In October 1846, Colonel Alexander W. Doniphan of the First Regiment Mounted Missouri Volunteers was ordered by United States Army General Stephen W. Kearney to rendezvous with General John E. Wool inside Mexico at the city of Chihuahua. En route to this objective, Doniphan's regiment encountered Mexican forces, leading to the engagement at El Brazito on December 25, 1846.
The battle occurred approximately thirty miles from El Paso del Norte and about 9 miles south of Las Cruces, New Mexico, at Bracito on the Rio Grande. Doniphan had halted his men's march at 1 pm on Christmas Day when they spotted a dust cloud indicating a Mexican scouting party to the south. The Mexican force was commanded by Major Antonio Ponce de Leon and consisted of three components: the Chihuahua infantry on the left, the El Paso militia with a howitzer in the center, and the Veracruz lancers on the right. Before the engagement, the Mexican commander demanded the Americans surrender, to which Colonel Doniphan responded with the order, "Charge and be damned!"

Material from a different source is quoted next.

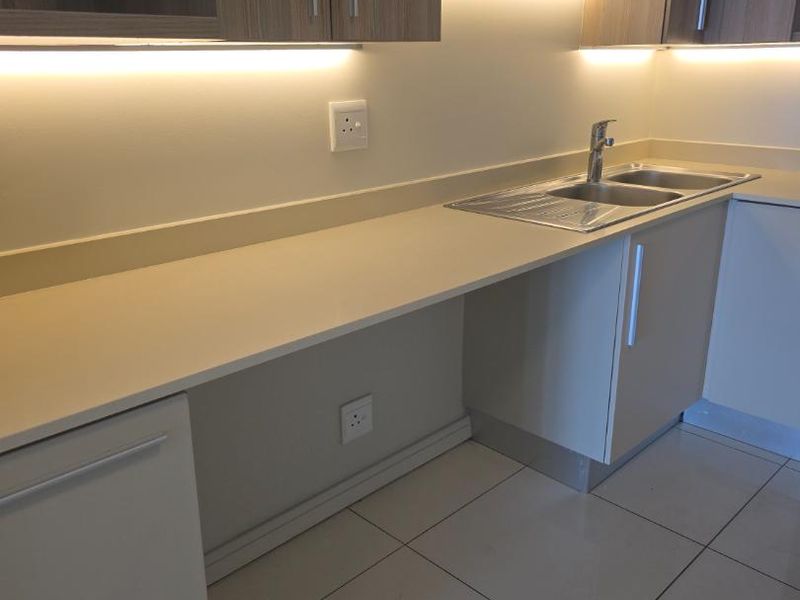 FABULOUS ULTRA MODERN 2 BED APARTMENT IN ROSEBANK - Photo 10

The battle represented a significant encounter during the Mexican-American War as American forces under Doniphan continued their campaign toward Chihuahua to link up with General John E. Wool's forces. This engagement demonstrated the effectiveness of American forces in combat operations deep within Mexican territory during the broader conflict.
The Mexican-American War (1846–1848) grew from the annexation of Texas (1845) and a disputed border between Texas and Mexico at the Rio Grande. President James K. Polk ordered US troops under General Zachary Taylor into the contested zone; after a skirmish that killed American soldiers, Congress declared war in May 1846. US forces won a series of engagements — Palo Alto, Monterrey, Buena Vista — before General Winfield Scott led an amphibious landing at Veracruz and an overland campaign to Mexico City, which fell in September 1847. The Treaty of Guadalupe Hidalgo (February 1848) transferred California, Nevada, Utah, most of Arizona and New Mexico, and parts of Colorado and Wyoming to the United States in exchange for $15 million and assumption of $3.25 million in claims — roughly 525,000 square miles, a 67 percent expansion of US territory. The war's outcome immediately reopened the slavery question: the Wilmot Proviso, debated throughout the war, proposed banning slavery from any territory acquired from Mexico, foreshadowing the sectional crisis of the 1850s.